All the above are summarized in the projects dashboard where you can quickly have an instant picture of the situation in a certain moment (messages, alerts, upcoming events etc.).
Notifications and a RSS feed for task, milestones etc are also available to every project member. Admins, of course, have some extra privileges for user management, setting up project templates etc.
Our short testing of the application, left us with a positive feeling. We liked the interface that is intuitive, AJAXified and pleasant looking. The occasional light user (a student or a small business owner) will be happy with the free edition that is not crippled in any way while the paid edition will satisfy the professionals.
A few things are not available in Zoho projects:
- Importing projects and tasks: we found no way to import tasks even from a spreadsheet, not to mention Microsoft Project, although you can export most items in a csv or spreadsheet.
- Critical Path Method (or PERT analysis): depending on whether you are looking for compex project management solutions (i.e. for construction or manufacturing) this can be a significant miss.
- Resource Leveling: again a large projects requirement.
The Zoho team has done a good job though on offering the application in different languages.

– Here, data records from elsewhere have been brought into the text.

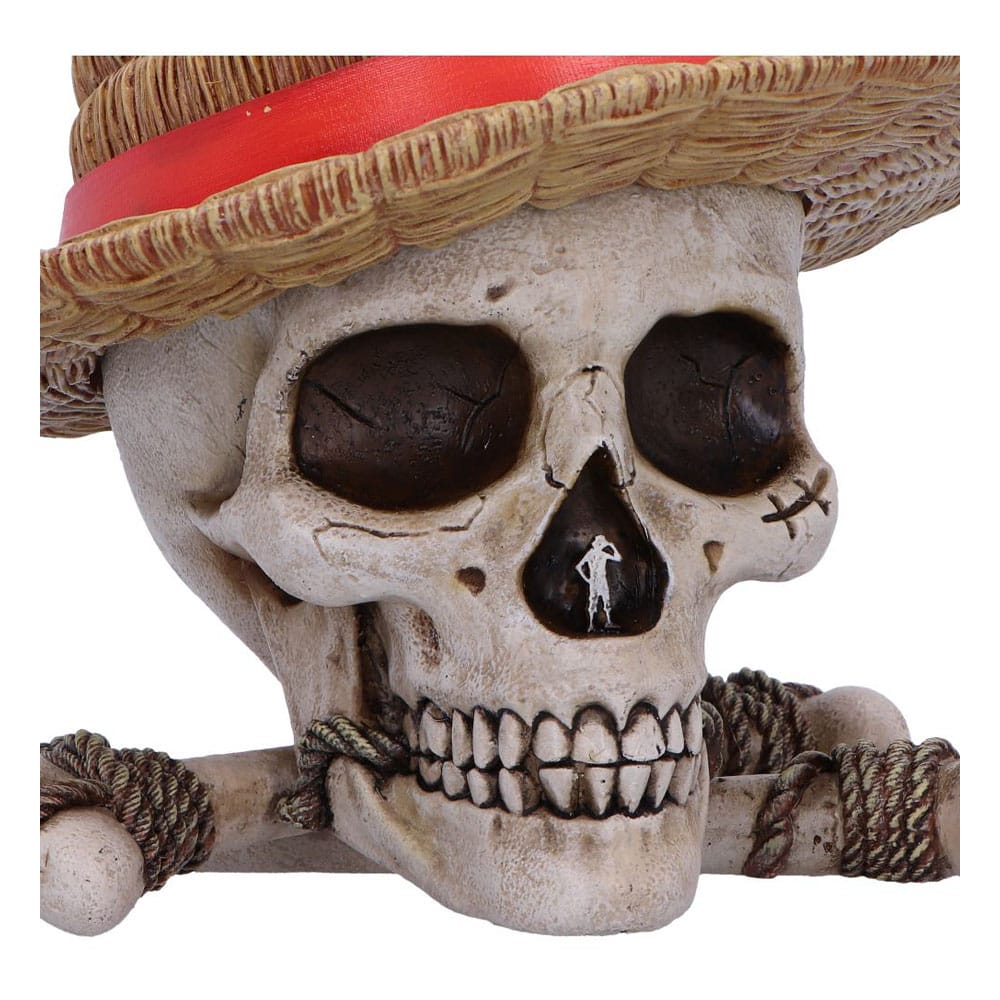 One Piece Aufbewahrungsbox Luffy Jolly Roger - Preorder - ETA: 05.03.2026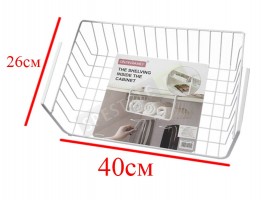 Допълнителен подвижен метален рафт-foto3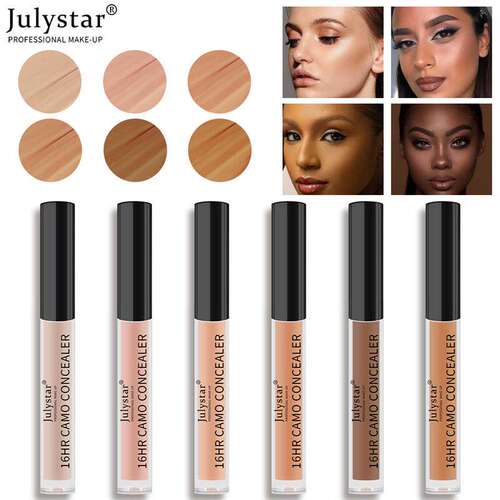Waterproof Concealer 防水遮瑕膏遮盖痘印黑眼圈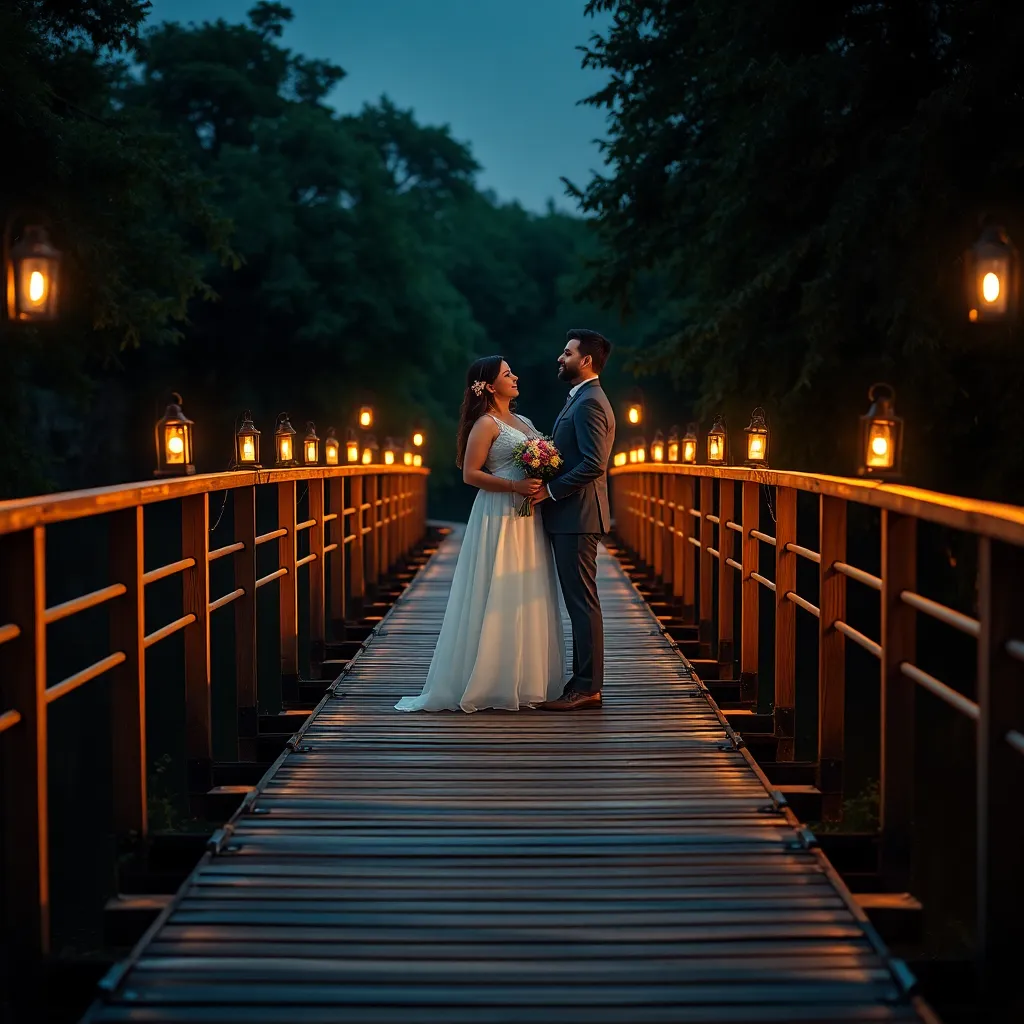 The Path Lit by Love's Glow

Zoho Projects is available now in 15 languages – Chinese, Czech, Danish, Dutch, English, French, German, Italian, Japanese, Polish, Portuguese, Portuguese (Brazil), Russian, Spanish, Swedish.
As a conclusion, I think that Zoho Projects (especially if you combine it with the whole Zoho suite) is rather complete, and although there are minor misses, overall it’s a recommended tool for mainly SMEs that have projects of generic nature. It definetely cannot handle large scale complex projects for construction or manufacturing, but it was not designed for such a purpose in the first place.